## Material shown
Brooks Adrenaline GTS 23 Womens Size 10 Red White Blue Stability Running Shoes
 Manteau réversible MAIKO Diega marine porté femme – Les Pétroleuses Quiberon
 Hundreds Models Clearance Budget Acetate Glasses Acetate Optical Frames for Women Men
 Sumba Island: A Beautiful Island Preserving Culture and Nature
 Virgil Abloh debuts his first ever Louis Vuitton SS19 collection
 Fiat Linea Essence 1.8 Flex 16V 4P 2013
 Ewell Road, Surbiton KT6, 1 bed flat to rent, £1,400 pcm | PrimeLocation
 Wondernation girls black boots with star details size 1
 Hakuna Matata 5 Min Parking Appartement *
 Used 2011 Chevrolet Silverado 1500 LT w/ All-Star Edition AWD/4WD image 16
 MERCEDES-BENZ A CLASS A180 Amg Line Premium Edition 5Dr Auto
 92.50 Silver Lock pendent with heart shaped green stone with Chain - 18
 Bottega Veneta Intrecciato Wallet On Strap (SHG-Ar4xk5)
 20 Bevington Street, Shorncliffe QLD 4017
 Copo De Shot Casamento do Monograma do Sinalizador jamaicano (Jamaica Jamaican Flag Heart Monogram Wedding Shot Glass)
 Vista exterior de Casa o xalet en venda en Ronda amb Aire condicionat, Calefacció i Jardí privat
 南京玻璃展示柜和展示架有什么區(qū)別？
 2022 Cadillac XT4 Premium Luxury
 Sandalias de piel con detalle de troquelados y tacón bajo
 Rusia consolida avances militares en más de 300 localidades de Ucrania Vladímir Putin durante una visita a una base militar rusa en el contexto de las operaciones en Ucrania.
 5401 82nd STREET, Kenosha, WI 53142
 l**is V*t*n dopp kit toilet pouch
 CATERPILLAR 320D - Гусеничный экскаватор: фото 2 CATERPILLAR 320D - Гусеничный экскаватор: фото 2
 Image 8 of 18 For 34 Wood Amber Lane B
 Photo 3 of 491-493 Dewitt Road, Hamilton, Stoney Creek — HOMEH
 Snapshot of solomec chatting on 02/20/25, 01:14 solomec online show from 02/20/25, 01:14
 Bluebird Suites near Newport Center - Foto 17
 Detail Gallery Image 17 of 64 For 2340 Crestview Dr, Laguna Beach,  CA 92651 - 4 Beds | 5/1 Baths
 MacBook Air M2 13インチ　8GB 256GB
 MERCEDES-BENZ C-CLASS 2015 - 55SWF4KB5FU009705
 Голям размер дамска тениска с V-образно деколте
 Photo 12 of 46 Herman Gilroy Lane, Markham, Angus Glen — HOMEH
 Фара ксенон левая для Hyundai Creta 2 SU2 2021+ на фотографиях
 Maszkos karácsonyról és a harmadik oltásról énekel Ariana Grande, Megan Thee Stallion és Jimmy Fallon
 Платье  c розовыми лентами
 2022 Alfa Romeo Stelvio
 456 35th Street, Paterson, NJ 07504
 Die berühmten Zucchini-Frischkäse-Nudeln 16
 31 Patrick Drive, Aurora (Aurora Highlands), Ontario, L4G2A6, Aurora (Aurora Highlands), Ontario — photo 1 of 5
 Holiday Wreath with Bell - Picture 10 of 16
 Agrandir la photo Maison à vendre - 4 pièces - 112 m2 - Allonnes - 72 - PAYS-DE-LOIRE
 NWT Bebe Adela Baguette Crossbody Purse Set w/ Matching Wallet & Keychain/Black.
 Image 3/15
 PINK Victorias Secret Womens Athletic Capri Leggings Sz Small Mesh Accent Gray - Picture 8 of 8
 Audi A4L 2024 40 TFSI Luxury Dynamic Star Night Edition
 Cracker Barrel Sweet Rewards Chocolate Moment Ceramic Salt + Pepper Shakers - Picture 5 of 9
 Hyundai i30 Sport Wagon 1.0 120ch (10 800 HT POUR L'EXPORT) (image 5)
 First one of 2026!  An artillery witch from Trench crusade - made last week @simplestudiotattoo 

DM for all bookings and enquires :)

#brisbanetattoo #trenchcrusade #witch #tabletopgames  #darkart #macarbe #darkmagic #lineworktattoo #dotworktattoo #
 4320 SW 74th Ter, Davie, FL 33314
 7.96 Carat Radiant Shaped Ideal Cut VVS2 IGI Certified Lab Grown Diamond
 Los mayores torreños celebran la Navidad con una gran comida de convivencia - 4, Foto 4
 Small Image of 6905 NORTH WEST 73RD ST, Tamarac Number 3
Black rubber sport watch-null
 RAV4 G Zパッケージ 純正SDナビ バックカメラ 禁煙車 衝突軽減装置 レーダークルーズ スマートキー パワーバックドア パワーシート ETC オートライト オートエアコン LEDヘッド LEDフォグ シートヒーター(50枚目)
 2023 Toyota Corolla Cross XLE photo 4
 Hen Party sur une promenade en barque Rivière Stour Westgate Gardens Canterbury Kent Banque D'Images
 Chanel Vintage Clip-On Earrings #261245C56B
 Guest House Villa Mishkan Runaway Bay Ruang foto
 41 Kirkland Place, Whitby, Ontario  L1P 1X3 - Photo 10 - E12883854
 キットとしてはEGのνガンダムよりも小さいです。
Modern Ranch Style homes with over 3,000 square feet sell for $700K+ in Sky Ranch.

## Exercise directions
Each line of the listing is to be repeated exactly.

## Your solution
Brooks Adrenaline GTS 23 Womens Size 10 Red White Blue Stability Running Shoes
 Manteau réversible MAIKO Diega marine porté femme – Les Pétroleuses Quiberon
 Hundreds Models Clearance Budget Acetate Glasses Acetate Optical Frames for Women Men
 Sumba Island: A Beautiful Island Preserving Culture and Nature
 Virgil Abloh debuts his first ever Louis Vuitton SS19 collection
 Fiat Linea Essence 1.8 Flex 16V 4P 2013
 Ewell Road, Surbiton KT6, 1 bed flat to rent, £1,400 pcm | PrimeLocation
 Wondernation girls black boots with star details size 1
 Hakuna Matata 5 Min Parking Appartement *
 Used 2011 Chevrolet Silverado 1500 LT w/ All-Star Edition AWD/4WD image 16
 MERCEDES-BENZ A CLASS A180 Amg Line Premium Edition 5Dr Auto
 92.50 Silver Lock pendent with heart shaped green stone with Chain - 18
 Bottega Veneta Intrecciato Wallet On Strap (SHG-Ar4xk5)
 20 Bevington Street, Shorncliffe QLD 4017
 Copo De Shot Casamento do Monograma do Sinalizador jamaicano (Jamaica Jamaican Flag Heart Monogram Wedding Shot Glass)
 Vista exterior de Casa o xalet en venda en Ronda amb Aire condicionat, Calefacció i Jardí privat
 南京玻璃展示柜和展示架有什么區(qū)別？
 2022 Cadillac XT4 Premium Luxury
 Sandalias de piel con detalle de troquelados y tacón bajo
 Rusia consolida avances militares en más de 300 localidades de Ucrania Vladímir Putin durante una visita a una base militar rusa en el contexto de las operaciones en Ucrania.
 5401 82nd STREET, Kenosha, WI 53142
 l**is V*t*n dopp kit toilet pouch
 CATERPILLAR 320D - Гусеничный экскаватор: фото 2 CATERPILLAR 320D - Гусеничный экскаватор: фото 2
 Image 8 of 18 For 34 Wood Amber Lane B
 Photo 3 of 491-493 Dewitt Road, Hamilton, Stoney Creek — HOMEH
 Snapshot of solomec chatting on 02/20/25, 01:14 solomec online show from 02/20/25, 01:14
 Bluebird Suites near Newport Center - Foto 17
 Detail Gallery Image 17 of 64 For 2340 Crestview Dr, Laguna Beach,  CA 92651 - 4 Beds | 5/1 Baths
 MacBook Air M2 13インチ　8GB 256GB
 MERCEDES-BENZ C-CLASS 2015 - 55SWF4KB5FU009705
 Голям размер дамска тениска с V-образно деколте
 Photo 12 of 46 Herman Gilroy Lane, Markham, Angus Glen — HOMEH
 Фара ксенон левая для Hyundai Creta 2 SU2 2021+ на фотографиях
 Maszkos karácsonyról és a harmadik oltásról énekel Ariana Grande, Megan Thee Stallion és Jimmy Fallon
 Платье  c розовыми лентами
 2022 Alfa Romeo Stelvio
 456 35th Street, Paterson, NJ 07504
 Die berühmten Zucchini-Frischkäse-Nudeln 16
 31 Patrick Drive, Aurora (Aurora Highlands), Ontario, L4G2A6, Aurora (Aurora Highlands), Ontario — photo 1 of 5
 Holiday Wreath with Bell - Picture 10 of 16
 Agrandir la photo Maison à vendre - 4 pièces - 112 m2 - Allonnes - 72 - PAYS-DE-LOIRE
 NWT Bebe Adela Baguette Crossbody Purse Set w/ Matching Wallet & Keychain/Black.
 Image 3/15
 PINK Victorias Secret Womens Athletic Capri Leggings Sz Small Mesh Accent Gray - Picture 8 of 8
 Audi A4L 2024 40 TFSI Luxury Dynamic Star Night Edition
 Cracker Barrel Sweet Rewards Chocolate Moment Ceramic Salt + Pepper Shakers - Picture 5 of 9
 Hyundai i30 Sport Wagon 1.0 120ch (10 800 HT POUR L'EXPORT) (image 5)
 First one of 2026!  An artillery witch from Trench crusade - made last week @simplestudiotattoo 

DM for all bookings and enquires :)

#brisbanetattoo #trenchcrusade #witch #tabletopgames  #darkart #macarbe #darkmagic #lineworktattoo #dotworktattoo #
 4320 SW 74th Ter, Davie, FL 33314
 7.96 Carat Radiant Shaped Ideal Cut VVS2 IGI Certified Lab Grown Diamond
 Los mayores torreños celebran la Navidad con una gran comida de convivencia - 4, Foto 4
 Small Image of 6905 NORTH WEST 73RD ST, Tamarac Number 3
Black rubber sport watch-null
 RAV4 G Zパッケージ 純正SDナビ バックカメラ 禁煙車 衝突軽減装置 レーダークルーズ スマートキー パワーバックドア パワーシート ETC オートライト オートエアコン LEDヘッド LEDフォグ シートヒーター(50枚目)
 2023 Toyota Corolla Cross XLE photo 4
 Hen Party sur une promenade en barque Rivière Stour Westgate Gardens Canterbury Kent Banque D'Images
 Chanel Vintage Clip-On Earrings #261245C56B
 Guest House Villa Mishkan Runaway Bay Ruang foto
 41 Kirkland Place, Whitby, Ontario  L1P 1X3 - Photo 10 - E12883854
 キットとしてはEGのνガンダムよりも小さいです。
Modern Ranch Style homes with over 3,000 square feet sell for $700K+ in Sky Ranch.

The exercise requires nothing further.